They're using their platform as a vehicle to empower women all over the globe, both through their music as well as their testimonies. "So I just feel like it's very important to uplift women, just letting them know, hey, keep working towards your dreams. Something is gon' pop off," Miami says. "Stay confident. Just whatever bag you in, stay in that bag. Work towards your goal, but don't never lose yourself."

Part of City Girls' energy comes from the women of hip-hop before them. There's a long legacy of women and femme rappers who completely changed the fabric and soundscape of the art form, including Salt-N-Pepa, Lil' Kim, Foxy Brown, Missy Elliott, Trina, and Nicki Minaj. From affirming, sex-positive music and Black feminist theory to bridging the gap between hip-hop and high fashion, femme rappers have long been purveyors of the culture.

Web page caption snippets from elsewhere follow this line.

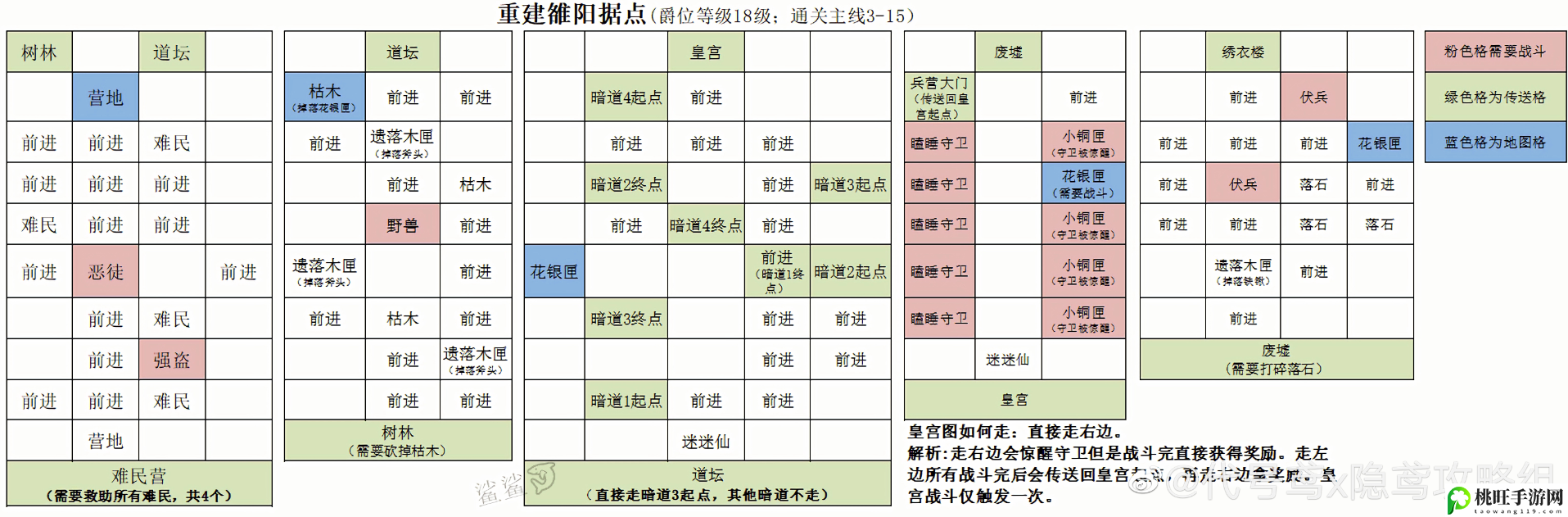 代号鸢重建雒阳据点攻略-稀有材料获取全指引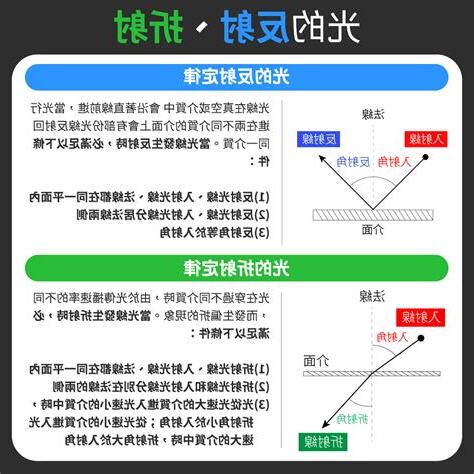 鏡子 反射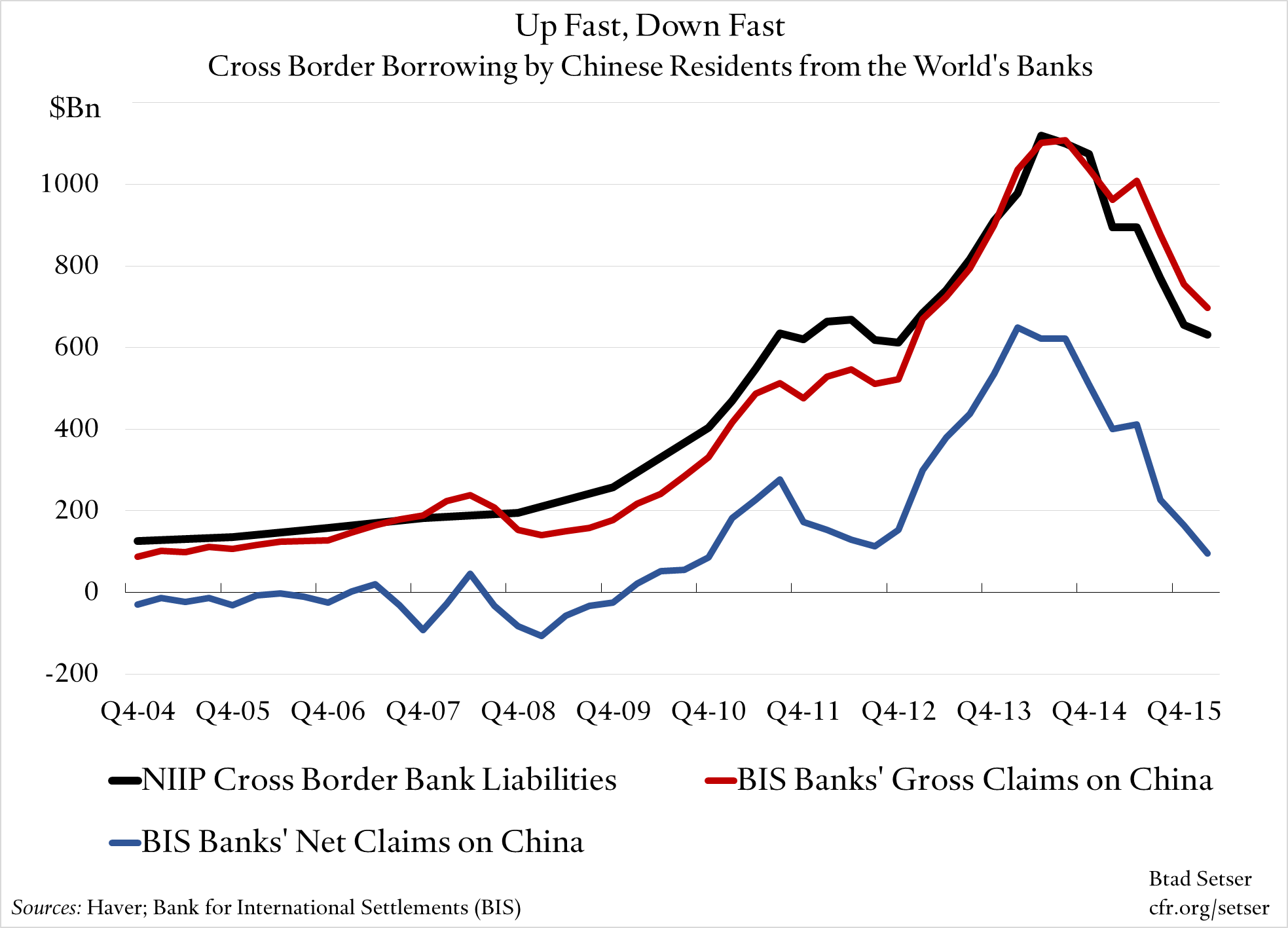 china-cross-border-borrowing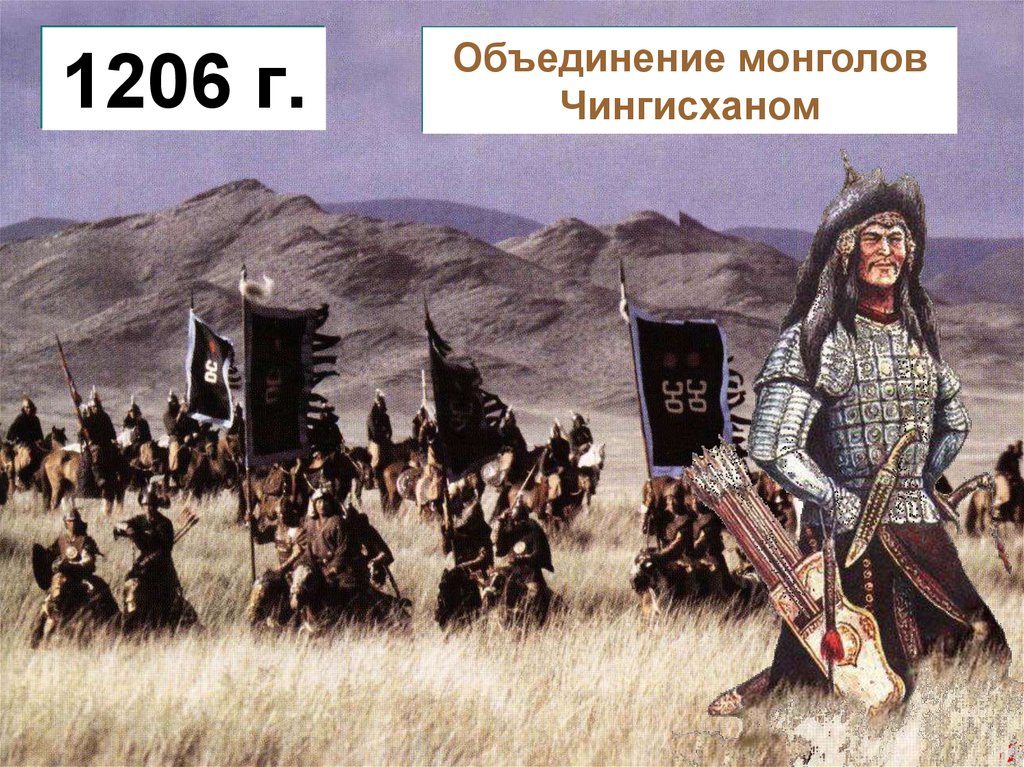 Предки монголов. Объединение монголий Темуджина Чингизхана. Объединение монгольских племен под властью Темучина. Чингисхан объединение монгольских племен. Монгольские племена в 12-13 веках.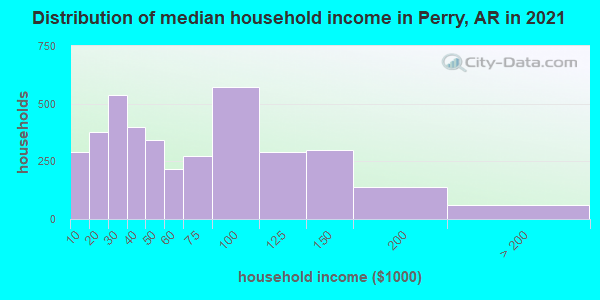 Distribution of median household income in Perry, AR in 2021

For decades, the misogynistic powers that be have been pitting Black women in hip-hop against each other, but it's clear that both JT and Miami are standing firm in their respect, admiration, and standom for the gworls who paved the way for them. "I love Nicki," JT says as she recounts her experience seeing Minaj hit the stage at Wireless Festival in July of this year. "Seeing her perform when I was a kid, I couldn't understand, but now as an artist, when you watch somebody from an artist standpoint versus a regular person, it's a different feeling." JT tells me how she fangirled over Minaj's performance, recording the whole thing and sending it to her phone afterward. "She was like a bad b*tch owning the stage. She just walked in, and she just brought it like she brought it — like I was watching her, and I'm like, 'Yo, I gotta start owning the stage like that.'"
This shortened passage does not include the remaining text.